Last but not least, the way we treat judges matters as well. As prof. Blackman has pointed out, “[o]ver the past few years, [Justice] Ginsburg has been showered in … sycophantic adoration” by those on the political left who see her as the pre-eminent judicial champion of their values. Prof. Blackman hypothesizes ― correctly, I suspect ― that the adulation got to Justice Ginsburg, to the point that she came to think that “she could do no wrong.” She may also have come to think that the public stood in dire need of her warnings about Mr. Trump, even though, as Paul Horwitz has observed, “her remarks [were] essentially conventional, unexceptional, and banal.” While I do not wish to absolve Justice Ginsburg, I think it is important to also blame those whose flattery has at least contributed to her developing such a high opinion of herself. Four centuries ago, Francis Bacon wrote that “those, that engage courts in quarrels of jurisdiction … are not truly amici curiae, but parasiti curiae, in puffing a court up beyond her bounds, for their own scraps and advantage.” The same goes, I think, for those who encourage judges to overstep their proper role in extrajudicial contexts. It is perhaps unfair to call parasiti people among whom sincere admirers no doubt outnumber self-interested sycophants, but the sincere contribute no less than the two-faced to corrupting the very person they love so much. There is nothing wrong with admiring a judge, or for that matter a politician. But if you well and truly wish him or her well, never tell yourself, and by all that you hold dear, never tell him or her, that the person you admire can do no wrong. Coming to believe that one can do no wrong ensures that one will.
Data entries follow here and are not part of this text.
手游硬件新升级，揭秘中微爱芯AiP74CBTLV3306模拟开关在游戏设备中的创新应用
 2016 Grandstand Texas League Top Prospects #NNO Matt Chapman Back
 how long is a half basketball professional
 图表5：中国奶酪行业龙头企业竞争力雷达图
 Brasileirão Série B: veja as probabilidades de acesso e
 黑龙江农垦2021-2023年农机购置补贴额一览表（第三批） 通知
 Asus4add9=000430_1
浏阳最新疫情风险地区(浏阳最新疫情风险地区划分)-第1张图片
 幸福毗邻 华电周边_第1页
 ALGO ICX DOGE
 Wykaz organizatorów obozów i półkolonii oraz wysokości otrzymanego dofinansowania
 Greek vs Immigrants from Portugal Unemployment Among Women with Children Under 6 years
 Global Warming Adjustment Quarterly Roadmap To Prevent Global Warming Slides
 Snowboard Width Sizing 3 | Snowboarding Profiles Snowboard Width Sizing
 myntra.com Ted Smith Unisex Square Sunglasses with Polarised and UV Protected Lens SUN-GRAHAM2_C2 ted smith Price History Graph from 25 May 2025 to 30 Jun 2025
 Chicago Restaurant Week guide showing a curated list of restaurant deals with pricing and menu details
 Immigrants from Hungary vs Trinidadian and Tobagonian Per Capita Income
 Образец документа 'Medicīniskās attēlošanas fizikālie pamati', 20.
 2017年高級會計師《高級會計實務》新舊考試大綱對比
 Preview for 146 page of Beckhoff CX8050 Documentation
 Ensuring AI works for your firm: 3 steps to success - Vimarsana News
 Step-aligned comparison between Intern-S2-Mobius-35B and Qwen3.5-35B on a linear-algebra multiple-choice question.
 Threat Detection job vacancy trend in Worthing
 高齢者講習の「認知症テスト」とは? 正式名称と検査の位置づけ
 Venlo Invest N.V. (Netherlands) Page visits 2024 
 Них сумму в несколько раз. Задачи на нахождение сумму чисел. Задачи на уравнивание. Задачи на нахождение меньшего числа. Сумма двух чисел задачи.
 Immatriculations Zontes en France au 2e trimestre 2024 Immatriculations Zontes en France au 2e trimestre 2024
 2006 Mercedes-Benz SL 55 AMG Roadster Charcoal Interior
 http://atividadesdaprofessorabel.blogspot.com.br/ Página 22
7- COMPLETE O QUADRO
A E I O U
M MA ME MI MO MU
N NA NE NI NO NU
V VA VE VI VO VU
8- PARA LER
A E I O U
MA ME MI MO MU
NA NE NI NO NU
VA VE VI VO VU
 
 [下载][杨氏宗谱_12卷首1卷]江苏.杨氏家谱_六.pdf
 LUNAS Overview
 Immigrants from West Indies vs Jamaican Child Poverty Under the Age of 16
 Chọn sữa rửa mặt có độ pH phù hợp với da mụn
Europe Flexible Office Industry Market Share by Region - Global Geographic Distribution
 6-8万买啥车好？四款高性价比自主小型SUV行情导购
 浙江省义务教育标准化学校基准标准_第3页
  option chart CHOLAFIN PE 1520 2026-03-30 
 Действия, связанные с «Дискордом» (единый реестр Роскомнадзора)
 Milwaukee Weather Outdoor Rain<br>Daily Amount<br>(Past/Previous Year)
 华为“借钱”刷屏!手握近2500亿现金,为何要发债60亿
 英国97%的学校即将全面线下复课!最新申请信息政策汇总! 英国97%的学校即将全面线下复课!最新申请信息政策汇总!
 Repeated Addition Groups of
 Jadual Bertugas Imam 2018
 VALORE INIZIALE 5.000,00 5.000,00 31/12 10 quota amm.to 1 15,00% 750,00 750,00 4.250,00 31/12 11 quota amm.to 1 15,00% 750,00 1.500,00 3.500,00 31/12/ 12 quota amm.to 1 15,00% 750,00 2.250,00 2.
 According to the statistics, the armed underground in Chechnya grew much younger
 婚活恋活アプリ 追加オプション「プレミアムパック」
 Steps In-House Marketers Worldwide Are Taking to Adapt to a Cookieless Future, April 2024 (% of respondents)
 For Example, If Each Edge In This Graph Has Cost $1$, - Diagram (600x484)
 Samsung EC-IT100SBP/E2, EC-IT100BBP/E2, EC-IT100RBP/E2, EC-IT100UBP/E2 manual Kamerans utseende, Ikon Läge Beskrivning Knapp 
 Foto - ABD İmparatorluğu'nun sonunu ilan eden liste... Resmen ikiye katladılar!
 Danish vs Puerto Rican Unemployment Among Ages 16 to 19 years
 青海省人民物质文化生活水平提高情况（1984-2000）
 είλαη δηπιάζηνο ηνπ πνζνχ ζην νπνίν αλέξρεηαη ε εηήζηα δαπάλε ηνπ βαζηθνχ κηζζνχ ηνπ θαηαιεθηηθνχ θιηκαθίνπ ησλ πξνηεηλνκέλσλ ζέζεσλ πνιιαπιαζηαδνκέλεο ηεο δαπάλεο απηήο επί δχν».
Justice Ginsburg’s misguided attempt at political commentary is something like the judicial equivalent of Zinédine Zidane’s infamous head-butt to Marco Materazzi in the final of the 2006 World Cup: a selfish gesture of self-expression which, however provoked, only harmed its author’s colleagues and institution, and cast a shadow on the final stages of a distinguished career. Like Mr. Zidane, Justice Ginsburg has her steadfast admirers and apologists. But, like him, she deserves a red card for her outburst.